The whole free will debate seems a bit out of scope (and out of my reach, hah), but nonetheless it feels interesting in the LLM context.
edit: Note that i don't necessarily think LLMs are there or even can be. We seem to technologically small to produce the complexity in ourselves. Nonetheless i'm always interested in how far reduced complexity can take us.
> _if_ you split the process up appropriately I believe this pre-requisite is very important. LLMs so are terrible at planning and splitting a complex task into simpler steps. This might be natural limitation of `next token prediction`. For complex planning, each step should be the result of both the previous and speculative future steps. We try to tackle this by dividing a plan into two: a macro and a micro plan but still a lot to improve there.
p.s. thanks! aider is awesome too!
It seems we've reached the point that understanding of LLMs would be a great candidate for the beginner/intermediate/expert meme. "It's just autocomplete" -> "It's got a world model, it's thinking for itself" -> "It's just autocomplete".
If you zoom out on the first graphic from December 2023 back to 2020, the capabilities of models released at that time on these benchmarks would be much much lower. The best lens for future performance of large models is uncertainty.
This analogy seems flawed to me. Searle is in an empty room but LLMs are not. They are constantly learning from user inputs and data is continuously being made more available for LLM ingestion. I still don't think that an LLM will completely replace humans at pure creativity but I don't see why it can't come close. Especially since we're only 2 years in to this craze.
lol no. Are we looking at the same graph? You can't just slap a trend line on 9 data points from 3 different companies and call it "clear".

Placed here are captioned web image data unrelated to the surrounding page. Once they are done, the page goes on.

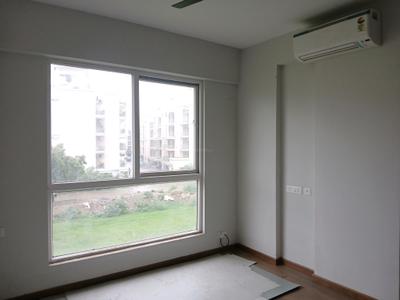 Bedroom Image of 1535 Sq.ft 3 BHK Builder Floor for sale in Signature Global City, Sector 37D Gurgaon for Rs. 18500000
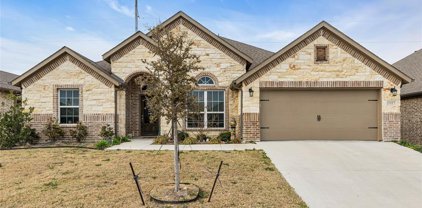 1557 Stanchion  Way, Weatherford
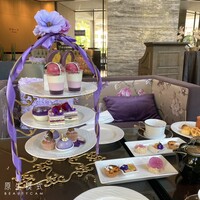 グラマシースイート ストリングスホテル名古屋 - 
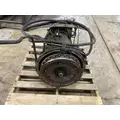 Allison MT653 Transmission thumbnail 4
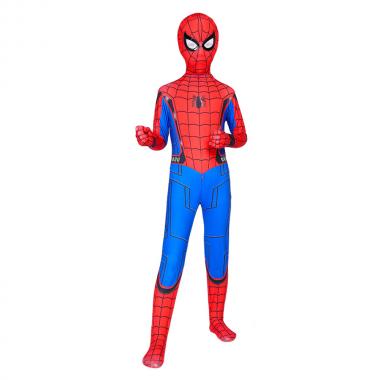 Halloween Karneval Cosplay Costume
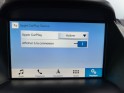 Ford c-max 1.0 ecoboost 100 titanium / carplay / radar arr occasion simplicicar veauche simplicicar simplicibike france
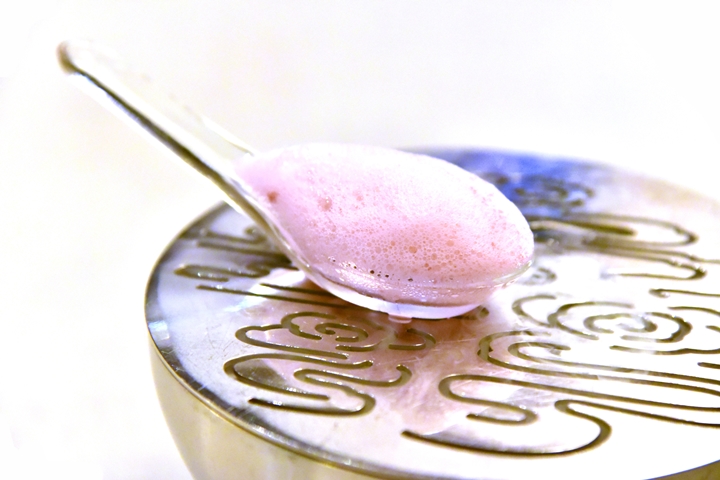 b02-air-%e0%b9%82%e0%b8%9f%e0%b8%a1%e0%b8%a3%e0%b8%b2%e0%b8%aa%e0%b9%80%e0%b8%9a%e0%b8%ad%e0%b8%a3%e0%b9%8c%e0%b8%a3%e0%b8%b5%e0%b9%84%e0%b8%82%e0%b9%88%e0%b9%80%e0%b8%a2%e0%b8%b5%e0%b9%88%e0%b8%a2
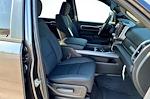 New 2026 Ram 1500 Lone Star Crew Cab 4x4 Pickup for sale #170890 - photo 5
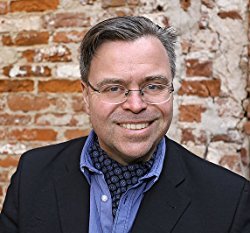 Andreas nnerfors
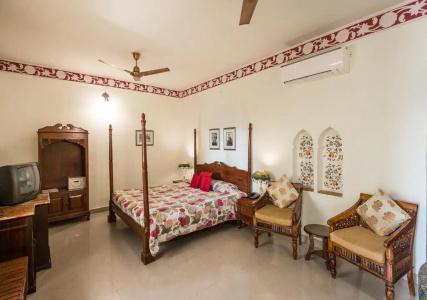 Dera Rawatsar - Heritage - 39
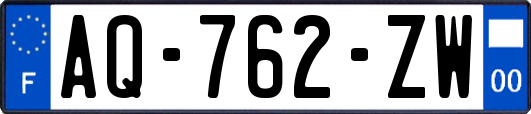 AQ-762-ZW
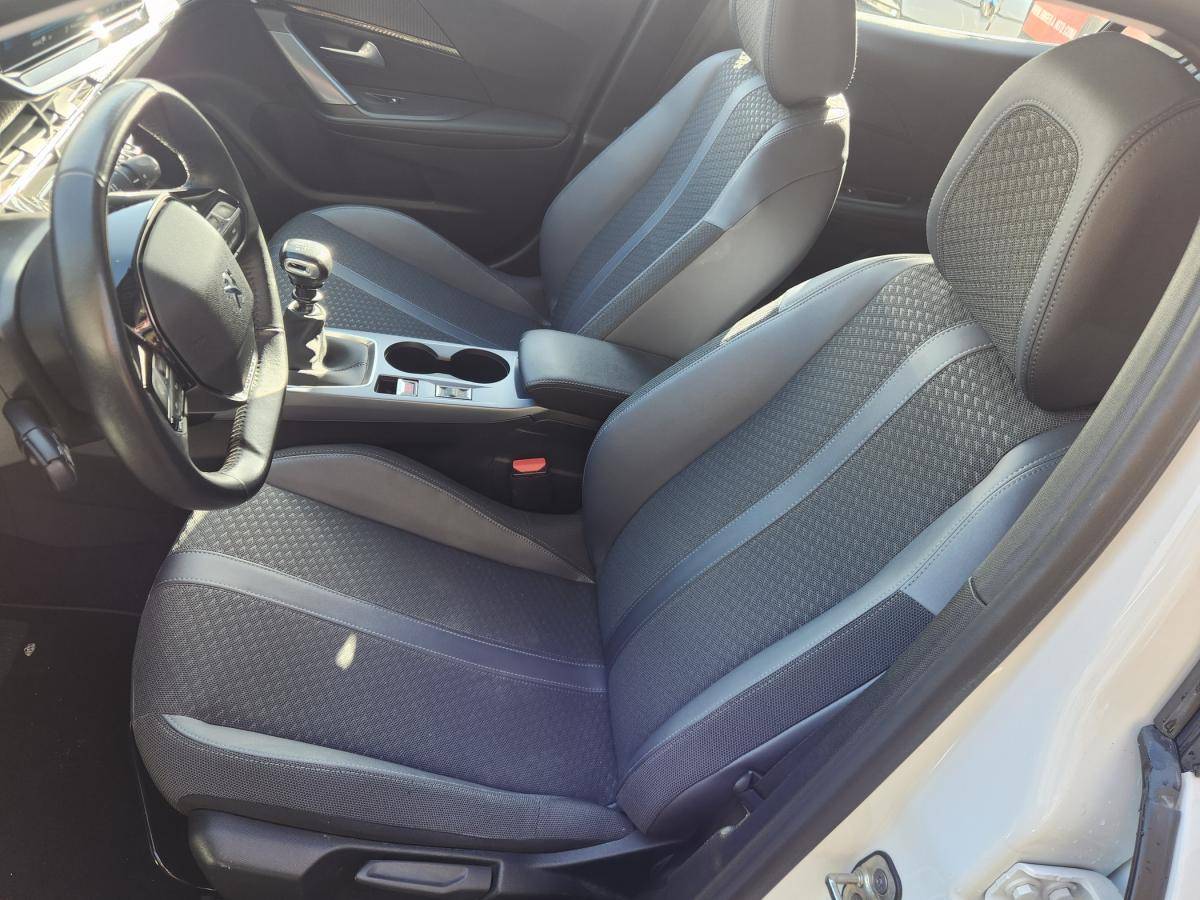 peugeot-2008-2020-diesel-1499cc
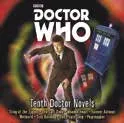 LGA1242-Jacqueline-Rayner-Doctor-Who-Tenth-Doctor-Novels-1-1.webp
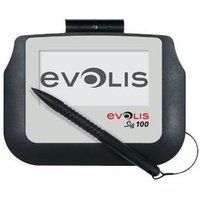 Evolis Signature 100 - ondertekeningsterminal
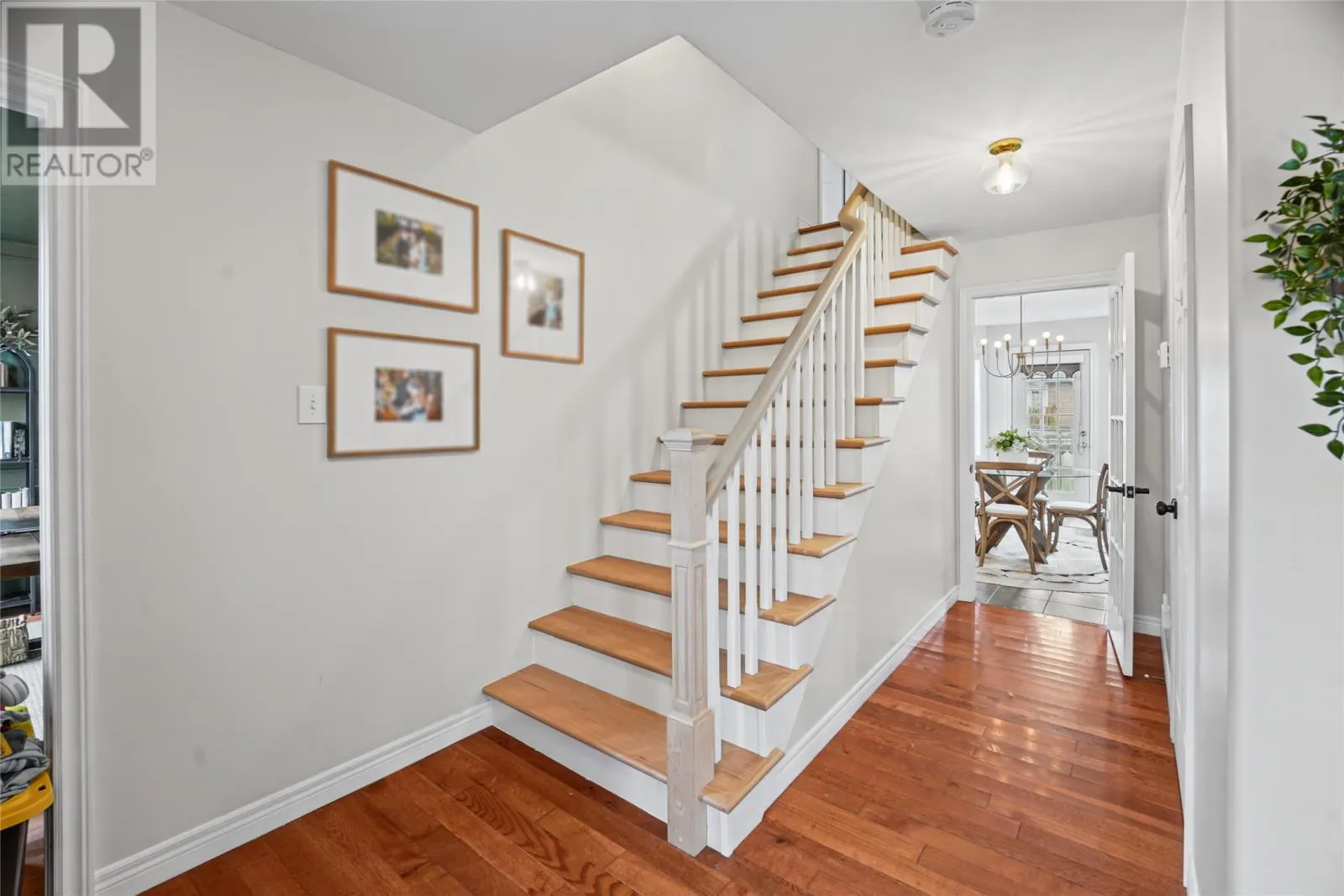 84 Gil Eannes Drive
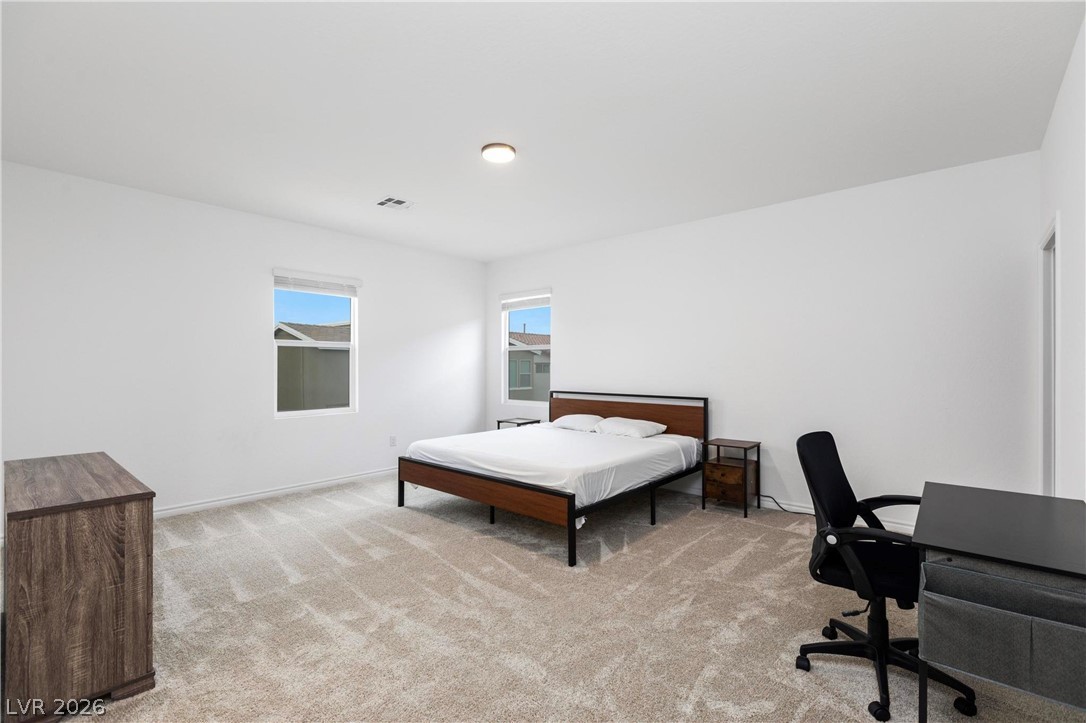 4348 Bayley Skye Avenue Property Photo 16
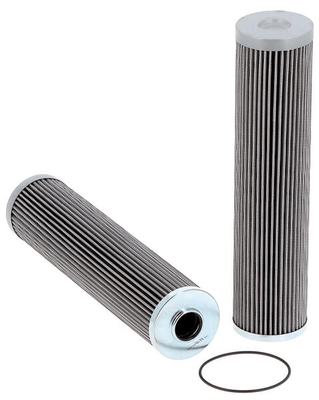 Pièces agricoles - Pièce divers - Filtre hydraulique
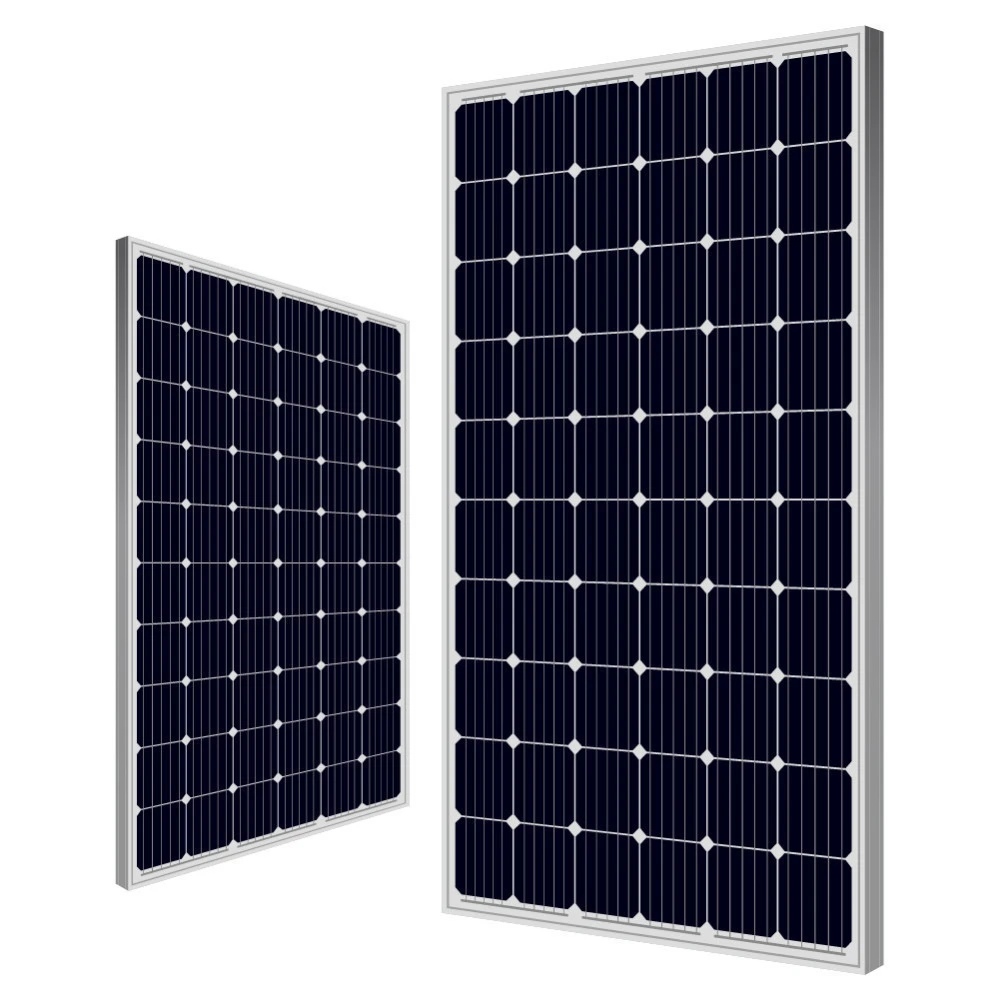 270w solar panel home 260w 270watt 280w 290w 300 watt monocrystalline solar panel price bangladesh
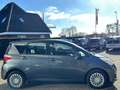 Toyota Verso-S 1.3 VVT-i Comfort Plus Aut. 73d-KM! Airco Cruise P Gris - thumbnail 5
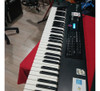 Display Roland Xp10 4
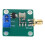 RF Signal Generator Modul Quelle PCB Board 10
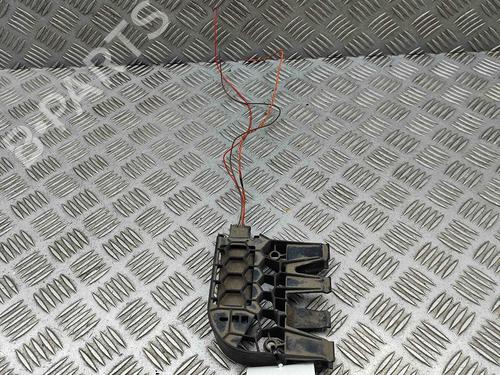 Electronic module PORSCHE PANAMERA (970) 3.0 S E-Hybrid | BP29392423M83 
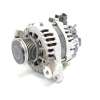 Recambio de alternador para hyundai i30 (pd) 1.0 tgdi cat referencia OEM IAM 3730004950  8400383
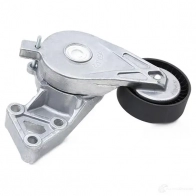 Натяжитель приводного ремня MAXGEAR KG4J X 2846049 540557 - Изображение 4
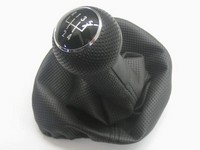 POLO HB 1996-2002- İBİZA - 1996-2002 CORDOBA 1996-2000 VİTES TOPUZU KOMPLE KÖRÜKLE 5 İLERİ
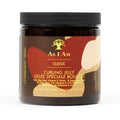 As I Am Curling Jelly Coil and Curl Definer 227g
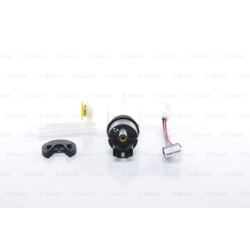 Moteur Pompe à Carburant Pour Ford Focus Turnier Mondeo III Tourneo 1106355
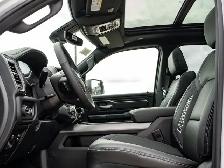 2026 Ram 1500 Rebel - Photo 19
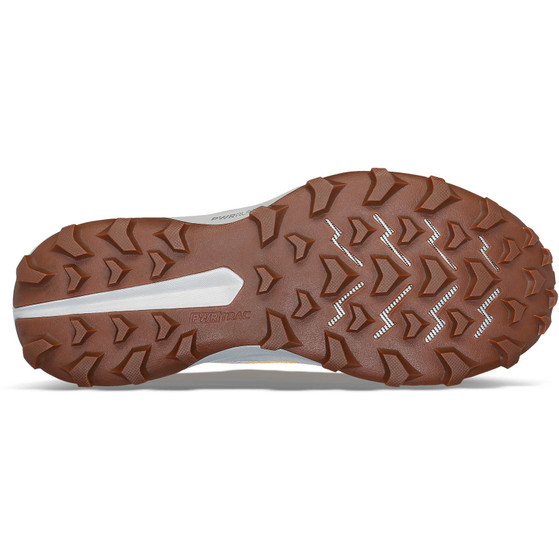 Saucony Peregrine 14 Dam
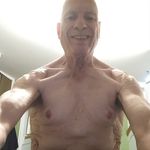 Michel Bélanger - @mbelanger966 - Instagram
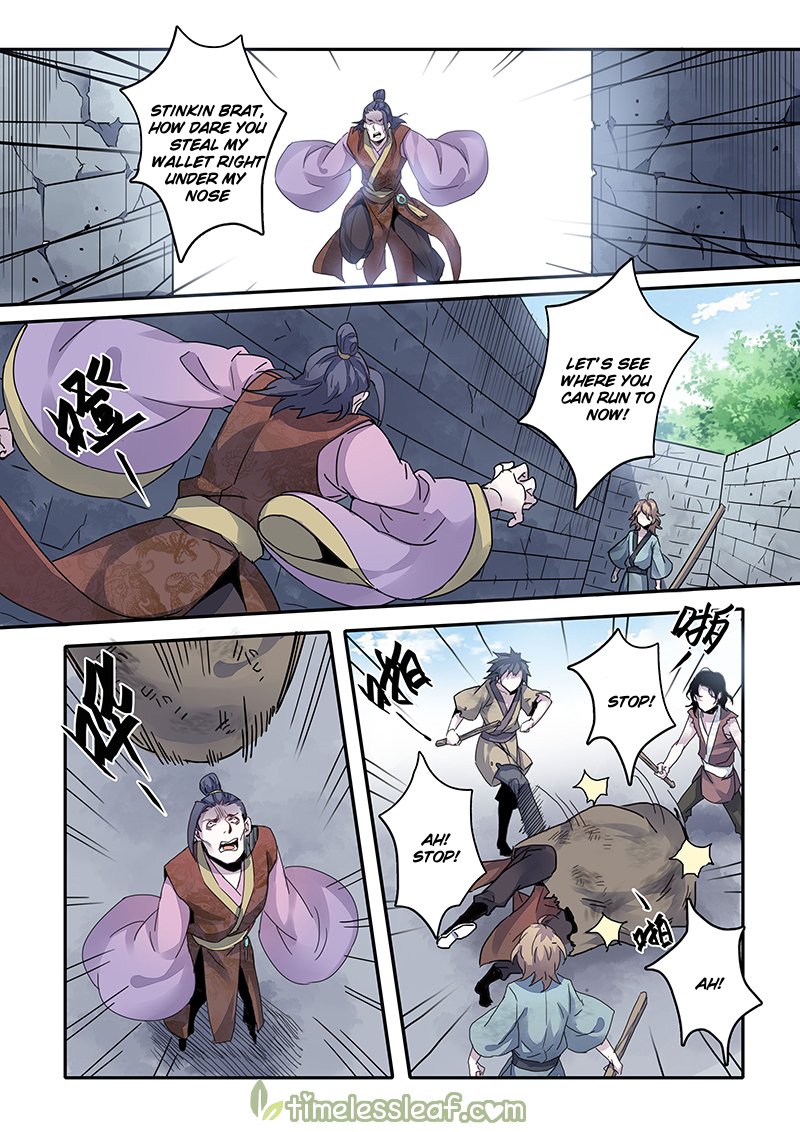 Page 5 of Chapter 55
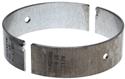 Clevite AL-Series Rod Bearings CB-1283A-.50MM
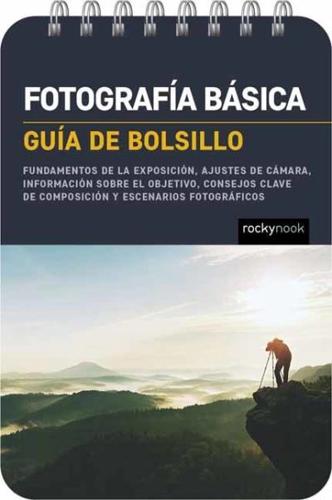 Fotografía Básica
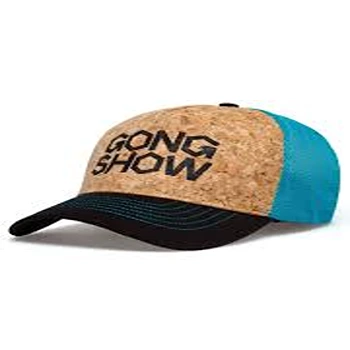 lifestyle-apparel-cap14-3356537-1140.webp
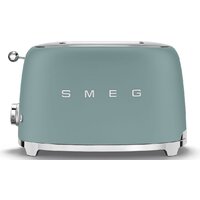 Smeg TSF01EGMEU Image #5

the entirety of common crawl is 424 terabytes. that's merely 6 days of 8K raw video.
424 terrabytes text is over a billion books worth of data. On the common crawl website it even says "Over 250 billion pages spanning 17 years." That's an impressive amount of information.
I'm so tired of the assumption that AI tools are going to get increasingly more capable until they can take effectively take over any task that humans currently excel at. They are already useful, but they don't seem likely to take over everything. This is especially true when it comes to making critical decisions.
This take about cost, however, seems well-grounded. I appreciate clear statements like this that can act as guiding principles for what kinds of things to build, and how to anticipate changes in the coming months and years.